Let us now turn to the drawbacks of two-tier systems.(6) First, if not properly designed, they can have perverse effects on wage formation; Bentolila and Dolado (1994) have studied the impact of temporary contracts on wage formation in Spain and shown that by increasing the permanent worker's job security, temporary contracts tended to have adverse effects on wages. This would not have mattered so much if the temporary wage was split from the permanent one, but the system was designed in such a way that temporary wages were linked to permanent wages, so that all wages increased. Second, it may be quite difficult, under these marginal schemes, to avoid crowding out, meaning that a large fraction of the jobs that are subsidized would have been offered by employers anyway. Similarly, employers might use temporary contracts for jobs they would have offered under permanent contracts if temporary contracts had not been available. Third, the two-tier system may intensify distributive conflicts within the workforce, thus increasing other forms of inefficiencies. For example ''secondary workers'' will be tempted to partly expropriate ''primary'' workers through redistributive taxation. This might particularly be a problem if temporary workers had little perspective to get a permanent job. Fourth, the two-tier system gradually affects the balance of power in society. As the stock of workers under temporary contracts develops, these workers will be more powerful politically and can be used by the government as political support for further reforms of the labor market. This is fine, but the incumbents and their unions will ex-ante recognize that their political influence will gradually be undermined by the increasing number of temporary workers, and for that reason oppose the change. That may lead to the reform being blocked, or to a different reform being passed. For example, in many European countries, the government managed to liberalize the use of temporary contracts only to a limited extent, since unions agreed to it provided restrictions were put to the use of these contracts. Such restrictions were designed so as to prevent the stock of these contracts from growing beyond a point were the political influence of the insiders would be threatened.

The Spanish experience, in that respect, is revealing (but similar issues arose in France, too). The government managed to liberalize the use of determined duration contracts in 1984, when the economy had experienced an unprecedented period of massive job destructions. In order to prevent the use of these contracts to be too widespread, the unions managed to restrict their renewal to two times, after which they had to be converted to rigid contracts. Nevertheless as much as 95 % of new hires were under flexible contracts, and the proportion of the workforce under DDC's quickly rose to 30 % in the early nineties. Meanwhile, the unions exerted repeated pressure to eliminate these contracts. But at the beginning of the nineties the government was in a situation where it could use these workers and the unemployment as a coalition to back further increases in labor market flexibility - even if consensus had to be reached to avoid a social explosion, it could strike a deal with the unions to trade the removal of temporary contracts against increases in flexibility. This is actually what happened as a reform of the labor market was engineered in 1994, but the reform turned out to be very timid, presumably because of the electoral fragility of the Gonzalez government at that time. Although temporary contracts were maintained for a while, their phasing out was agreed. The government has therefore lost an opportunity which may not be regained in the future.

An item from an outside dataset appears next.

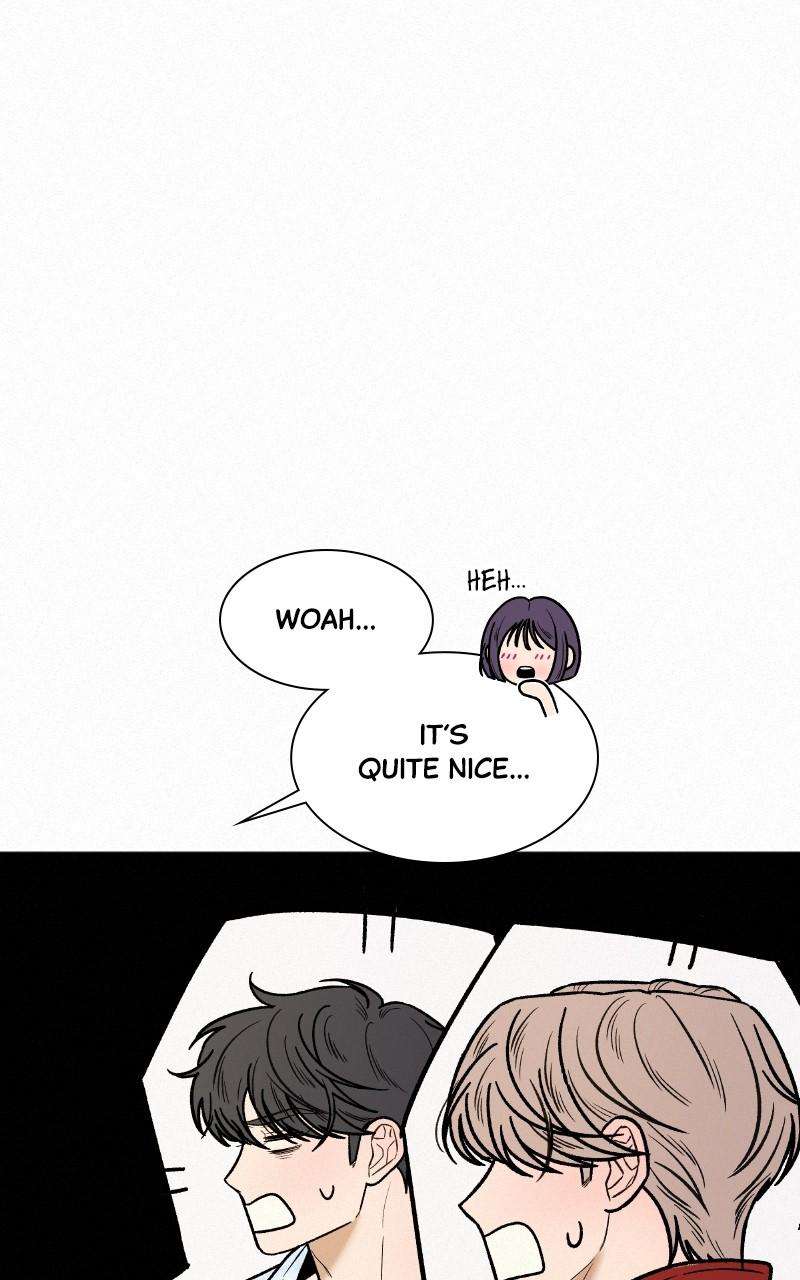 Read Operation True Love Manga Online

Redistribution of property rights

We have seen above that nothing guarantees that a proper set of transfers will be implemented after the reform, and that this may lead to the reform being blocked. One way to get rid of this dilemma is to change the ownership structure of the economy so as to actually build these transfers in property rights prior to the reform . A simple example is when reform redistributes income from labor to capital (this issue may also arise with trade reform, or transition in Eastern Europe). Then a possible commitment device to ensure that appropriate transfers will actually be implemented is to redistribute capital so as to make its ownership more even. This may lead to the gains from reform being better shared and may therefore create a consensus over it. Schemes such as profit sharing should therefore be seriously considered as a means to increase the political feasibility of labor market flexibility, and more generally to build a consensus over free markets and the economic institutions of capitalism. This may sound like a very radical proposal, but we should remember that economic theory predicts that free markets make everybody better-off only if they are associated with appropriate transfers. In the absence of such transfers, large minorities or even the majority might lose, and there will be political opposition to capitalism.

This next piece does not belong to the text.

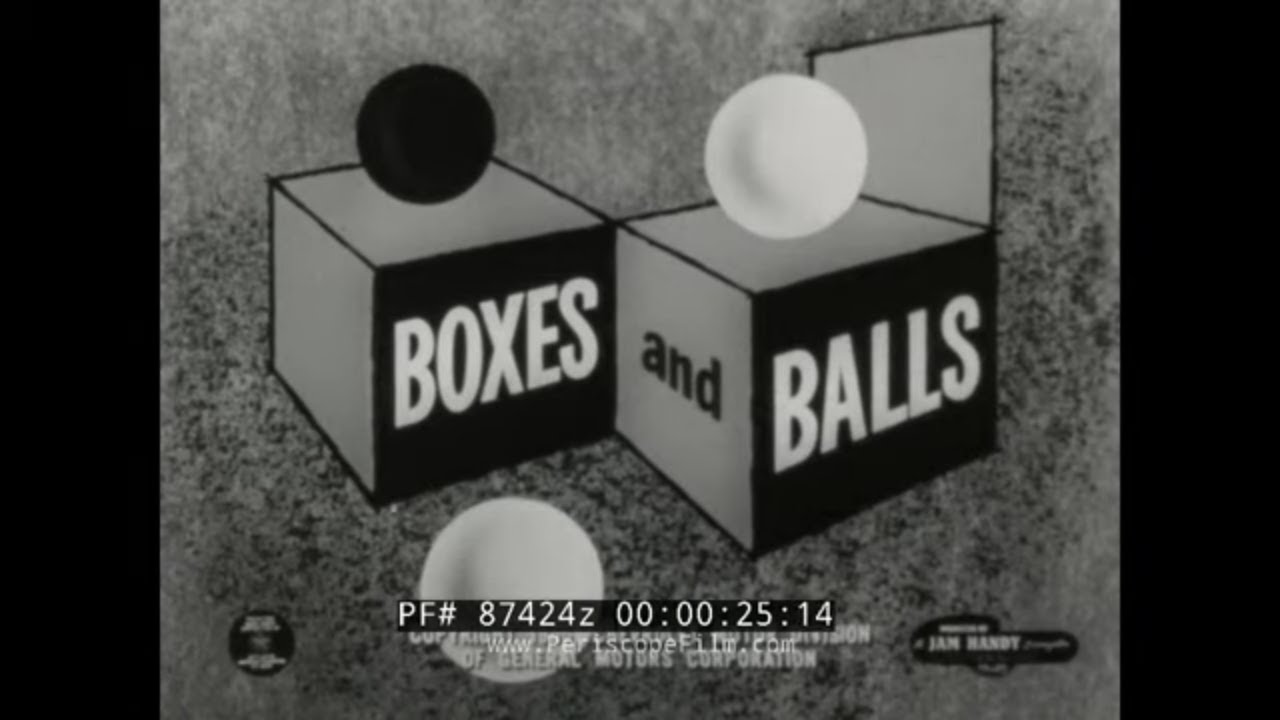 1955 CHEVROLET CAR PROMO FILM w/ JOIE CHITWOOD CAR STUNTS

Such redistribution of property rights is much more difficult to implement when flexibility is associated with transfers within the workforce, for example when it reduces wages for the unskilled and increases them for the skilled. One way to do it is to increase the educational level of the unskilled, a policy which is itself associated with many design problems and shortcomings.

Conclusion

The present paper suggests that properly taking into account political constraints considerably reduces the scope for labor market reform in Western Europe. High unemployment may therefore be something we'll have to live with for a long time. It makes it more important to carefully identify the margin of manoeuver for reform and to clearly spell out the society choices that lie behind this challenge.

REFERENCES

Fernandez, R. and D.Rodrik, ''Resistance to reform: status quo biasin the presence of uncertainty'', American Economic Review

Quah, D. (1994) ''One business cycle and one trend from many (many) disaggregates'', European Economic Review

Saint-Paul, Gilles (1993), ''On the Political Economy of labor market flexibility'', NBER Macroeconomics Annual

------------------------ (1994), ''Searching for the virtues of the European Model'', IMF Staff papers

NOTES

(1) See Saint-Paul (1994), for a formal argument.

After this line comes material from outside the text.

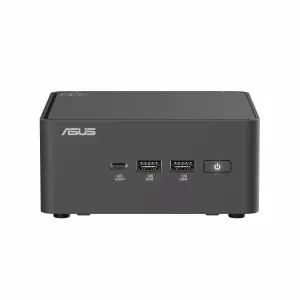 ASUS NUC 15 Pro NUC15CRH-B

(2) It is interesting to try to understand why this interpretation of rigidities does not apply to the United States. The American society is a pretty heterogenous one, yet it has not engaged in the sort of institutions which prevail in Europe. Why is that so ? There are three possible interpretations. One is that the U.S. is too heterogeneous, so that the periphery would be too large. If this was the only one, however, we would observe large distributive conflicts in the U.S., which is not the case. The second interpretation is that consensus is in fact achieved through mobility, meaning that society is in fact more homogenous than it looks like from a cross-sectional distribution of income. The third one, is that exclusion of the periphery is achieved politically but not economically; that is, measures are taken which prevent those political platforms which would suit the periphery from being available; for example, the communist party is illegal. This argument is consistent with the robust empirical evidence that the poor participate much less in elections than the rich. Since the ultimate goal is precisely such political exclusion, there is no need to introduce distortions in the labor market since it is achieved directly.

(3) For unemployment insurance that may seem paradoxical but realise that almost everywhere one has to have worked to be eligible, that the long-term unemployed and the new entrants have no benefits, so that the benefits are best fit for those with little exposure; furthermore, they also allow the employed to raise equilibrium wages

(4) Note, however, that the support for labor market flexibility among lower income groups will be enhanced by exposure to unemployment and the induced reduction in the tax rate needed to finance unemployment compensation.}

(5) The latter strategy is probably more problematic than the former, since a recession only lasts for a couple of years, and voters anticipate that job destruction will be low again in a delay which is short compared to the duration of the change. Furthermore, for the reform to get support it must be the case that voters expect it to have a substantial positive impact on job creation, which is unlikely in recessions.

(6) The following argument is analytically developed in Saint-Paul (1993).